Records from a dataset:
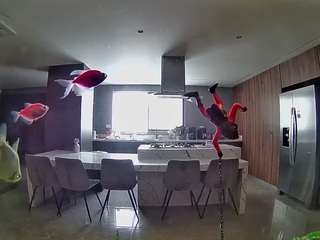 voyeurcam-casa-salsa-fishtank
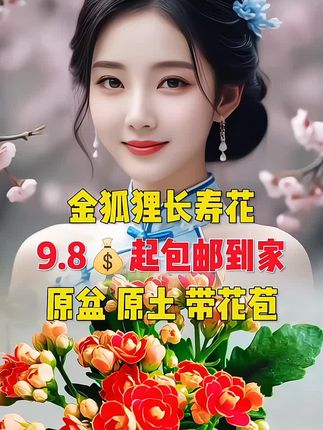 #金狐狸#长寿花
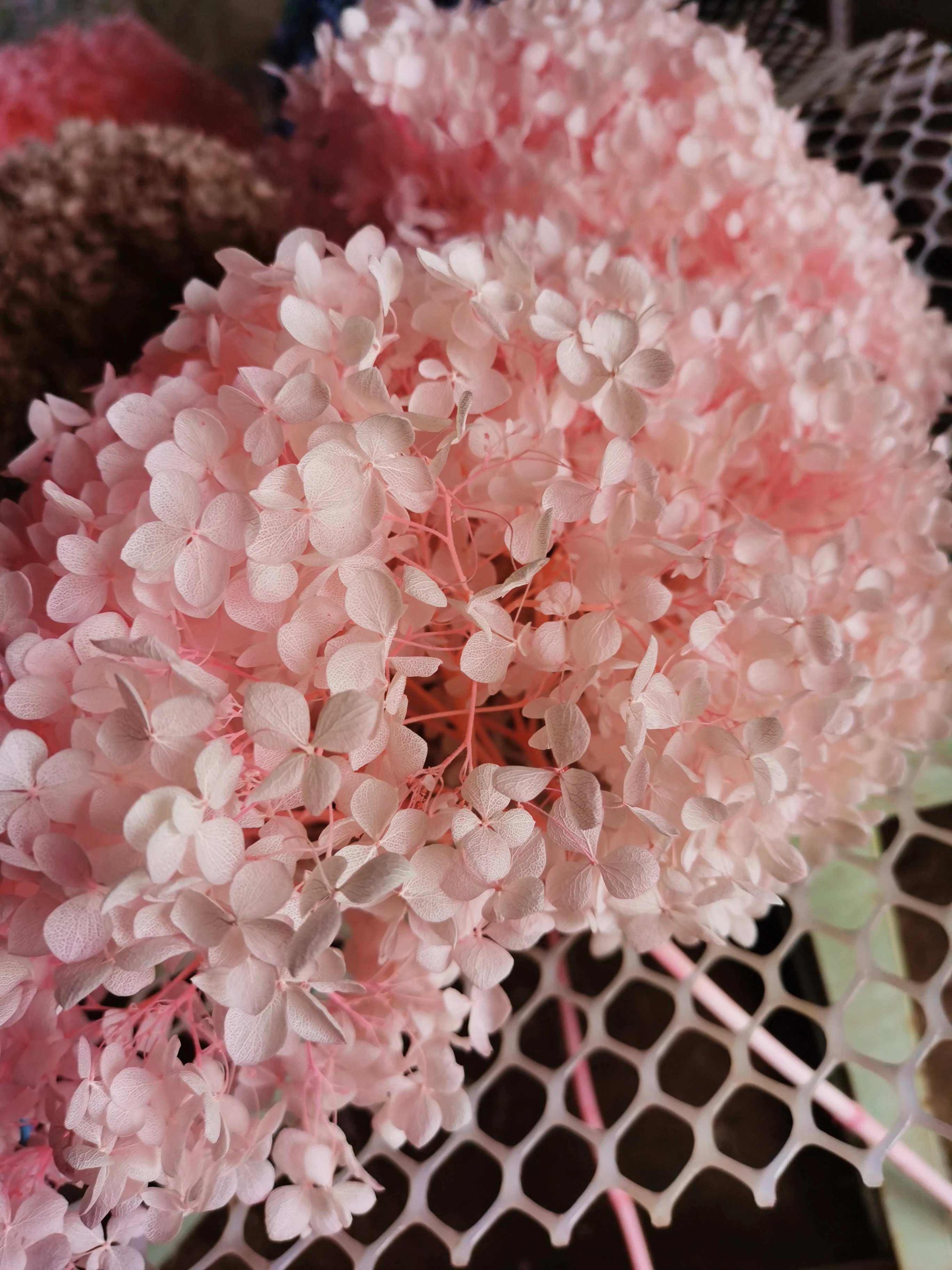 yunnan hot sale natural preserved flower preserved hydrangea for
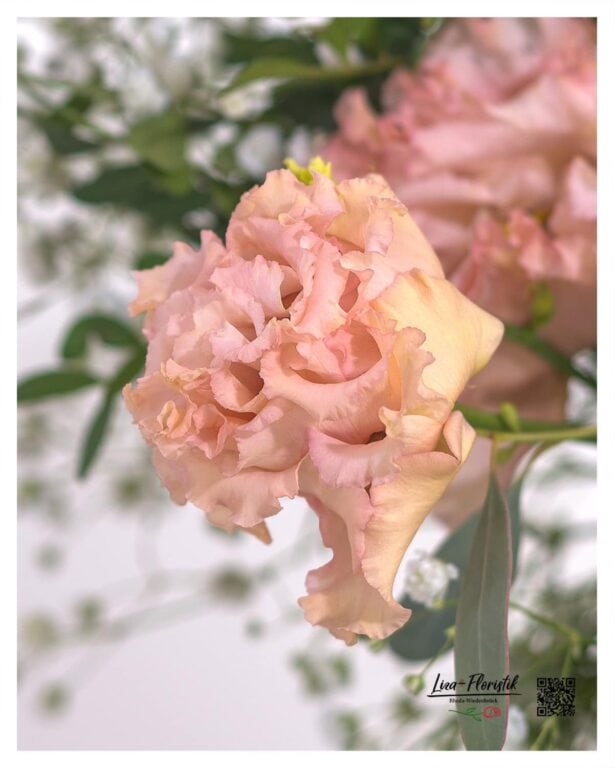 Zarte Eleganz in Perfektion: Der pastellfarbene Lisianthus beeindruckt mit seinen fein gewellten Blütenblättern und verleiht jedem Arrangement einen Hauch von romantischer Leichtigkeit.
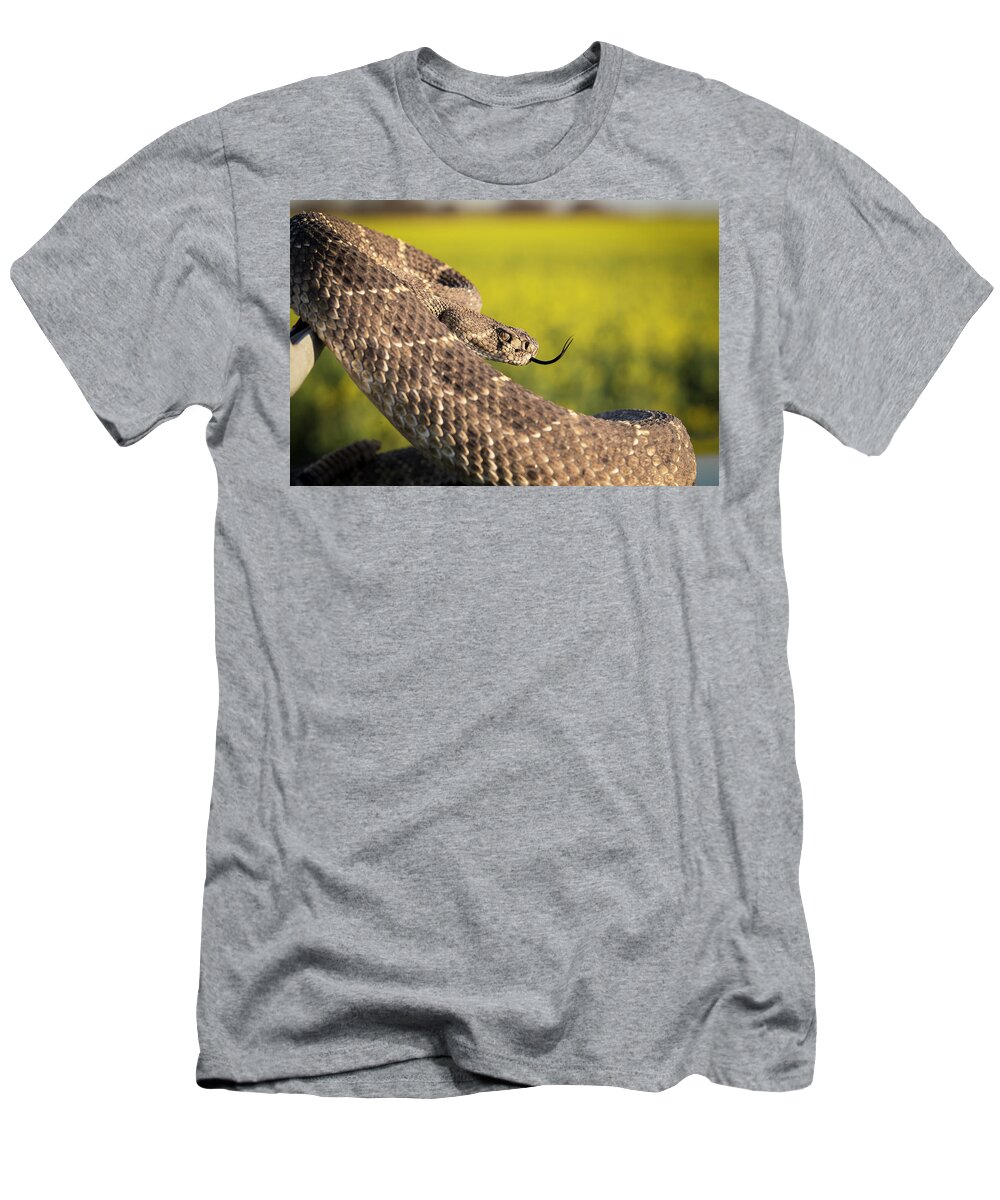 Kansas T-Shirt featuring the photograph Diamondback and Canola Field by Chris Harris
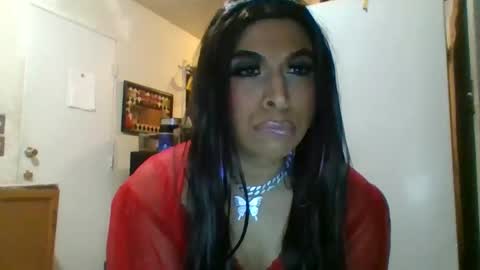 Snapshot of hihheelstranny chatting on April 2026 10:18:01 AM hihheelstranny online show from April 2026 10:18:01 AM
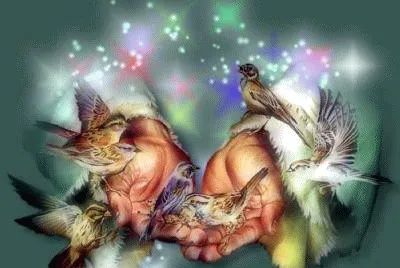 imagem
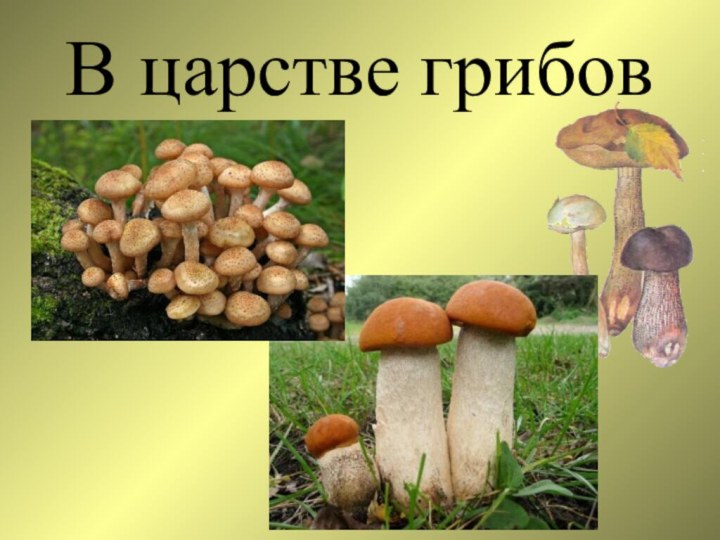 В царстве грибов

WHAT THE EXERCISE ASKS: The pictures stay out; repeat exactly the lines from the one with "yunnan hot sale" to the end of the entries above, and nothing else.

RESPONSE TO THIS EXERCISE:
 yunnan hot sale natural preserved flower preserved hydrangea for
 Zarte Eleganz in Perfektion: Der pastellfarbene Lisianthus beeindruckt mit seinen fein gewellten Blütenblättern und verleiht jedem Arrangement einen Hauch von romantischer Leichtigkeit.
 Kansas T-Shirt featuring the photograph Diamondback and Canola Field by Chris Harris
 Snapshot of hihheelstranny chatting on April 2026 10:18:01 AM hihheelstranny online show from April 2026 10:18:01 AM
 imagem
 В царстве грибов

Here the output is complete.